Brief>
Write the listing out again word for word, excluding any pictures.

Given data>
# # # # # # #

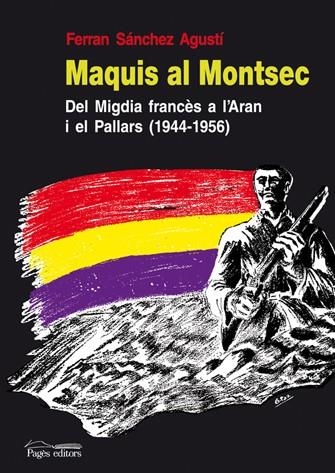 MAQUIS AL MONTSEC : DEL MIGDIA FRANCES A L'ARAN I EL PALLAR | 9788497796644 | SANCHEZ AGUSTI, FERRAN | Llibreria L'Altell - Llibreria Online de Banyoles | Comprar llibres en català i castellà online - Llibreria de Girona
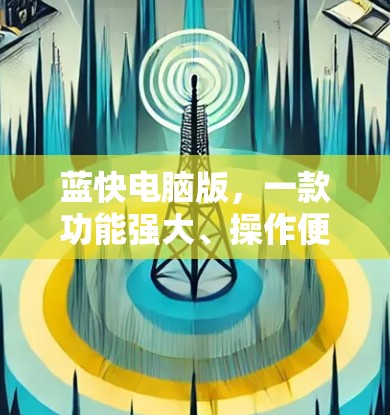 蓝快电脑版,一款功能强大、操作便捷的VPN工具 蓝快电脑版,一款功能强大、操作便捷的VPN工具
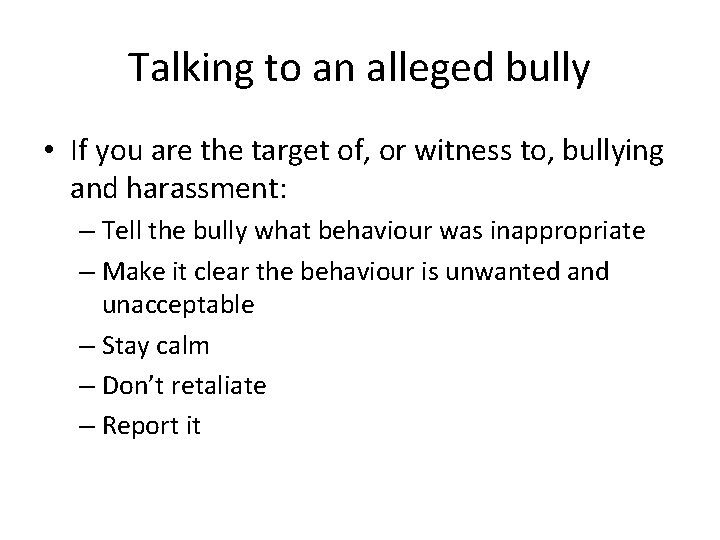 Talking to an alleged bully • If you are the target of, or witness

# # # # # # #

Solution>
 MAQUIS AL MONTSEC : DEL MIGDIA FRANCES A L'ARAN I EL PALLAR | 9788497796644 | SANCHEZ AGUSTI, FERRAN | Llibreria L'Altell - Llibreria Online de Banyoles | Comprar llibres en català i castellà online - Llibreria de Girona
 蓝快电脑版,一款功能强大、操作便捷的VPN工具 蓝快电脑版,一款功能强大、操作便捷的VPN工具
 Talking to an alleged bully • If you are the target of, or witness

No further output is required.